----- Given information

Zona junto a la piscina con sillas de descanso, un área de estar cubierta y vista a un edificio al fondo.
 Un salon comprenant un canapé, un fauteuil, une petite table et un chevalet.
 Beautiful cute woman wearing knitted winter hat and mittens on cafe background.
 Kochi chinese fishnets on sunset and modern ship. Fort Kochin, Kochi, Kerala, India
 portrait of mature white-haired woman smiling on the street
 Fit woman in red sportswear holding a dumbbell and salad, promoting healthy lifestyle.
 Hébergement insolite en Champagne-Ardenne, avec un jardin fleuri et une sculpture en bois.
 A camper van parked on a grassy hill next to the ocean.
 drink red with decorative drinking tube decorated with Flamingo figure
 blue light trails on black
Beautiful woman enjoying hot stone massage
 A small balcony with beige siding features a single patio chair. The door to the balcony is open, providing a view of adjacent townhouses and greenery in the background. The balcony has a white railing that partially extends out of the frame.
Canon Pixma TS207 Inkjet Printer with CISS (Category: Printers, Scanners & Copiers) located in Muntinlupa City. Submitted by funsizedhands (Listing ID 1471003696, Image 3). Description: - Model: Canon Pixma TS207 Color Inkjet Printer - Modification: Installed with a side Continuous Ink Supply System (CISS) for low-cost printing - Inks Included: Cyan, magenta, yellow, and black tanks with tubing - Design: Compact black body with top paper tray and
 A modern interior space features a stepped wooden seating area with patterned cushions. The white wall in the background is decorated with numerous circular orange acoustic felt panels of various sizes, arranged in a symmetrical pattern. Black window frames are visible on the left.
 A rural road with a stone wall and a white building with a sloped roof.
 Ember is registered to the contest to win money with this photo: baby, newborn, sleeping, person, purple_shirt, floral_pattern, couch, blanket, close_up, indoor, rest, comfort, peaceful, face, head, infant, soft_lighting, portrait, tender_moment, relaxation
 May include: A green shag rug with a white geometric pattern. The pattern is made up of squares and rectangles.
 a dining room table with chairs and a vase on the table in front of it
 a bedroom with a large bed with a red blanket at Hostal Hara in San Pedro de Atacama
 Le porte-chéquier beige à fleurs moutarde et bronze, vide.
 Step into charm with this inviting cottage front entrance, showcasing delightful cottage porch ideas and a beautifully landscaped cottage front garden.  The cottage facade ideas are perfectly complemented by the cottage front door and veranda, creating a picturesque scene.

----------

▸ About this exercise:
You are asked to reproduce word for word the line containing "drink red with" and every subsequent line through the end of the entries.

▸ Expected answer:
 drink red with decorative drinking tube decorated with Flamingo figure
 blue light trails on black
Beautiful woman enjoying hot stone massage
 A small balcony with beige siding features a single patio chair. The door to the balcony is open, providing a view of adjacent townhouses and greenery in the background. The balcony has a white railing that partially extends out of the frame.
Canon Pixma TS207 Inkjet Printer with CISS (Category: Printers, Scanners & Copiers) located in Muntinlupa City. Submitted by funsizedhands (Listing ID 1471003696, Image 3). Description: - Model: Canon Pixma TS207 Color Inkjet Printer - Modification: Installed with a side Continuous Ink Supply System (CISS) for low-cost printing - Inks Included: Cyan, magenta, yellow, and black tanks with tubing - Design: Compact black body with top paper tray and
 A modern interior space features a stepped wooden seating area with patterned cushions. The white wall in the background is decorated with numerous circular orange acoustic felt panels of various sizes, arranged in a symmetrical pattern. Black window frames are visible on the left.
 A rural road with a stone wall and a white building with a sloped roof.
 Ember is registered to the contest to win money with this photo: baby, newborn, sleeping, person, purple_shirt, floral_pattern, couch, blanket, close_up, indoor, rest, comfort, peaceful, face, head, infant, soft_lighting, portrait, tender_moment, relaxation
 May include: A green shag rug with a white geometric pattern. The pattern is made up of squares and rectangles.
 a dining room table with chairs and a vase on the table in front of it
 a bedroom with a large bed with a red blanket at Hostal Hara in San Pedro de Atacama
 Le porte-chéquier beige à fleurs moutarde et bronze, vide.
 Step into charm with this inviting cottage front entrance, showcasing delightful cottage porch ideas and a beautifully landscaped cottage front garden.  The cottage facade ideas are perfectly complemented by the cottage front door and veranda, creating a picturesque scene.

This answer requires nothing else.